-- Opening Marker --

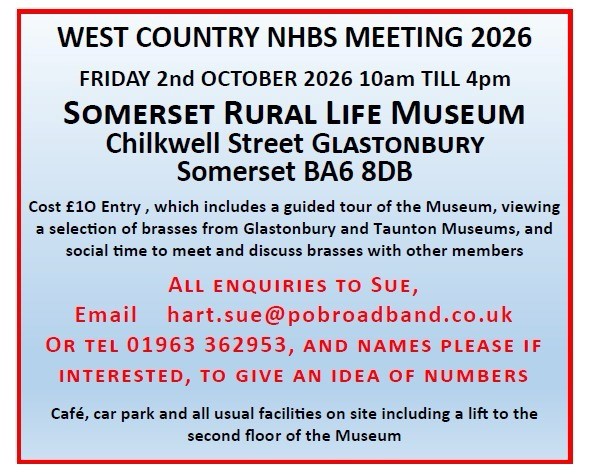 West Country NHBS Meeting 2026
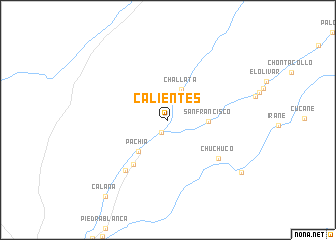 map of Calientes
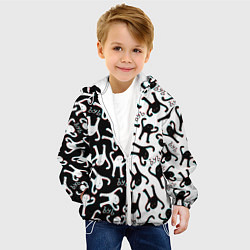 Куртка с капюшоном детская МЕМ КОТ ЪУЪ СЪУКА, цвет: 3D-белый — фото 2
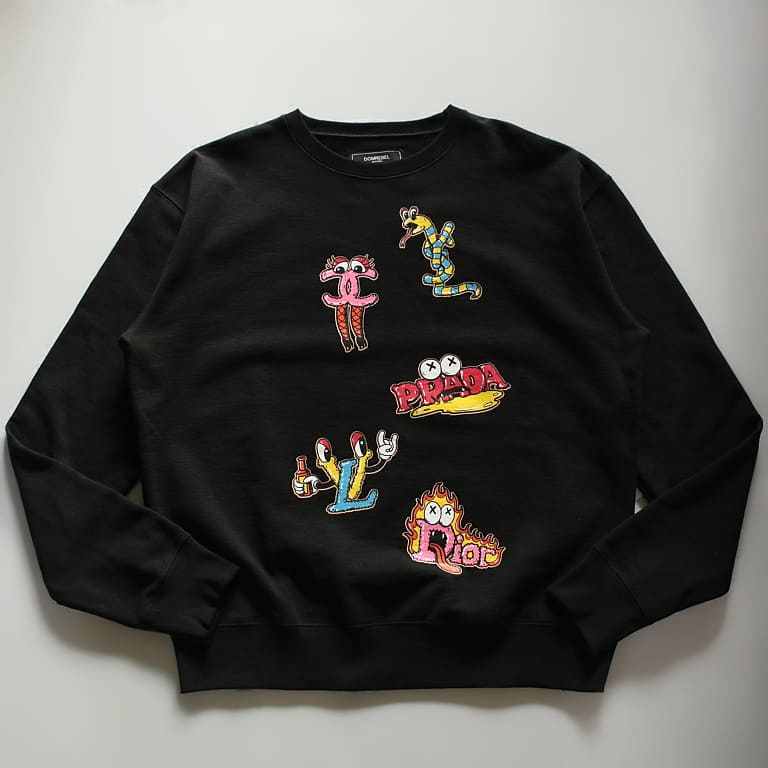 domrebel-luxury-crew sweat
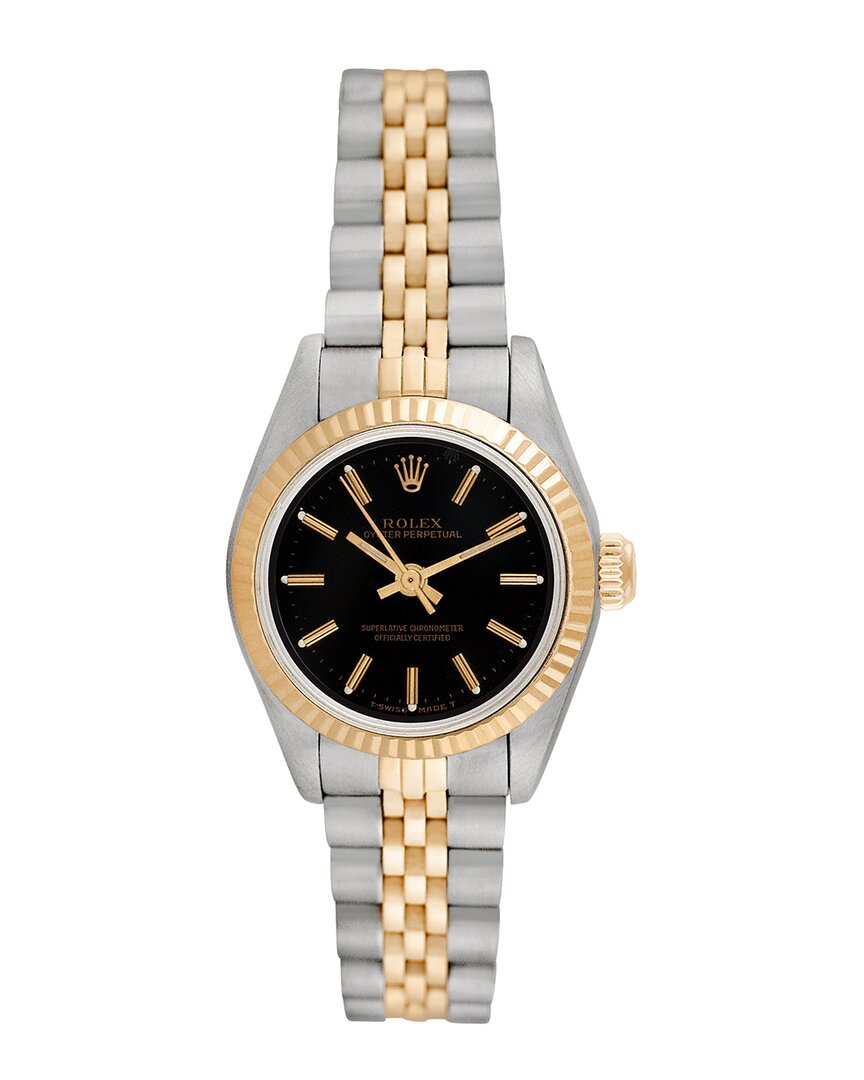 Heritage Rolex Rolex Women's Oyster Perpetual Watch, Circa 1990s () In Metallic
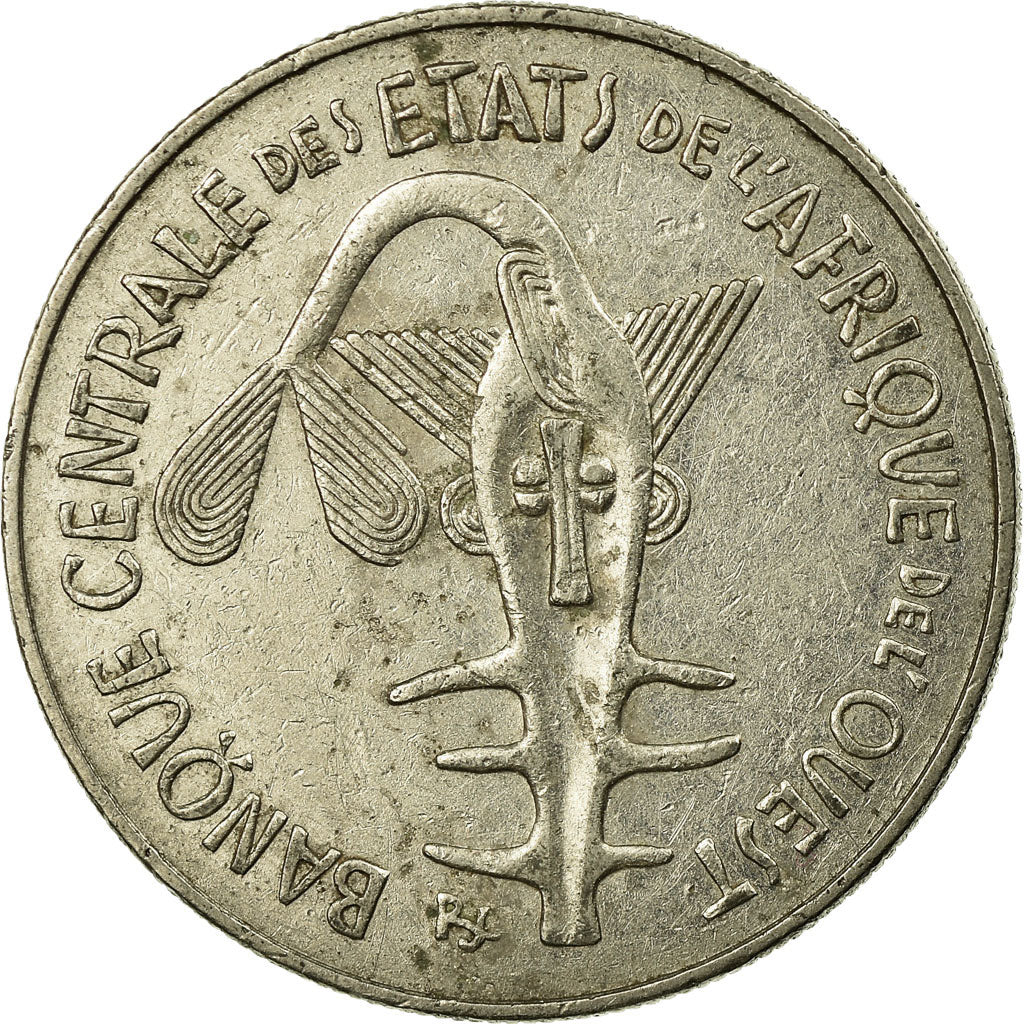 Moneta, Kraje Afryki Zachodniej, 100 Francs, 1990, Paris, VF(30-35), Nikiel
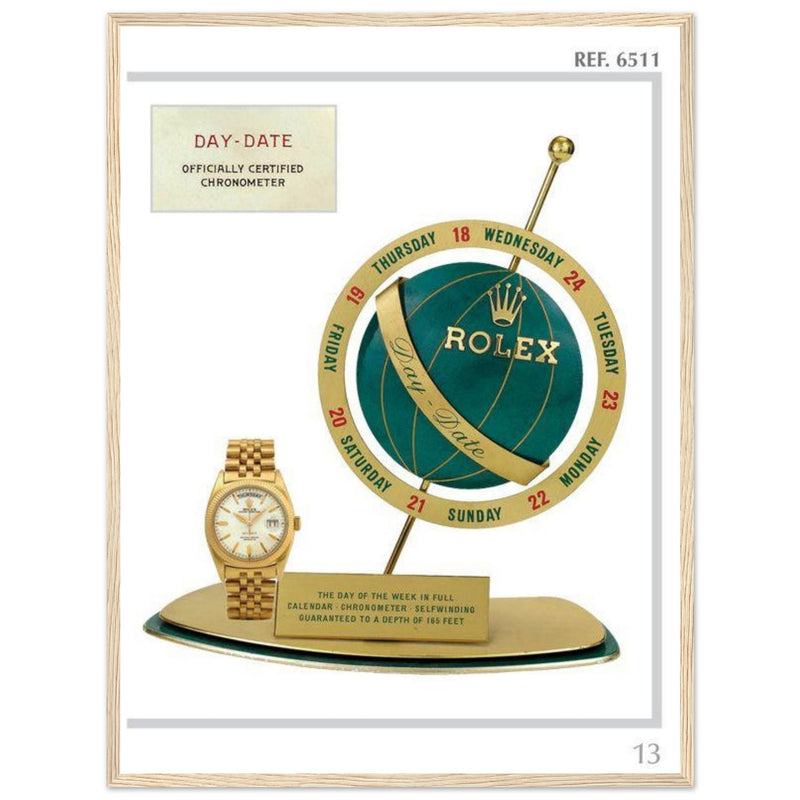 Rolex Day-Date Globe Vintage Poster Ad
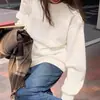 Sudadera de cuello redondo, nuevo modelo otoño/invierno 2026, estilo japonés y coreano, manga corta, suave y holgada, top versátil, chaqueta casual cómoda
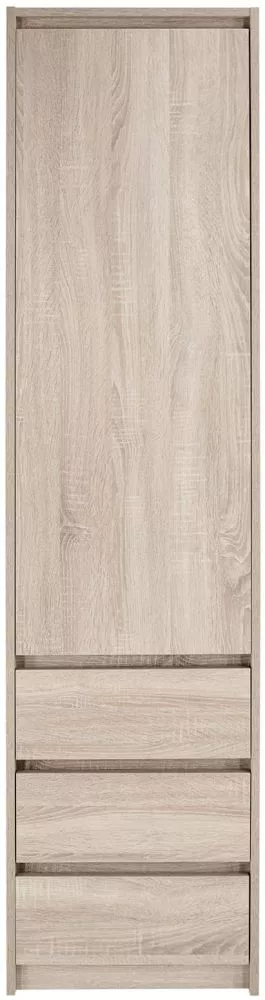 Grāmatu skapis Dexter DE10 · Sonoma · 50 × 40 × 200 cm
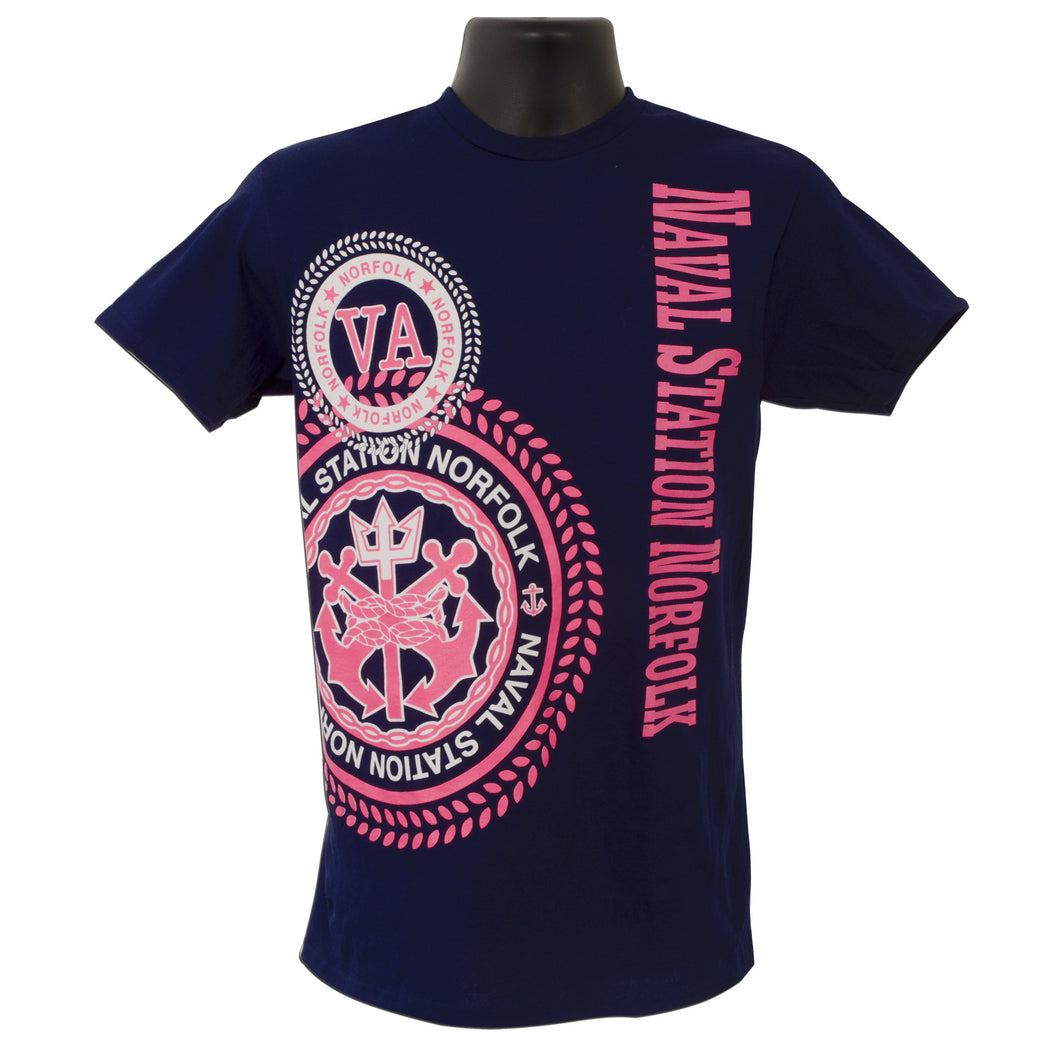 TSNV09N T-Shirt NSN Norfolk Stamp NAVY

-- Closing Marker --

For the data above, return an exact copy that contains no pictures.

Task answer
 West Country NHBS Meeting 2026
 map of Calientes
 Куртка с капюшоном детская МЕМ КОТ ЪУЪ СЪУКА, цвет: 3D-белый — фото 2
 domrebel-luxury-crew sweat
 Heritage Rolex Rolex Women's Oyster Perpetual Watch, Circa 1990s () In Metallic
 Moneta, Kraje Afryki Zachodniej, 100 Francs, 1990, Paris, VF(30-35), Nikiel
 Rolex Day-Date Globe Vintage Poster Ad
 Sudadera de cuello redondo, nuevo modelo otoño/invierno 2026, estilo japonés y coreano, manga corta, suave y holgada, top versátil, chaqueta casual cómoda
 Grāmatu skapis Dexter DE10 · Sonoma · 50 × 40 × 200 cm
 TSNV09N T-Shirt NSN Norfolk Stamp NAVY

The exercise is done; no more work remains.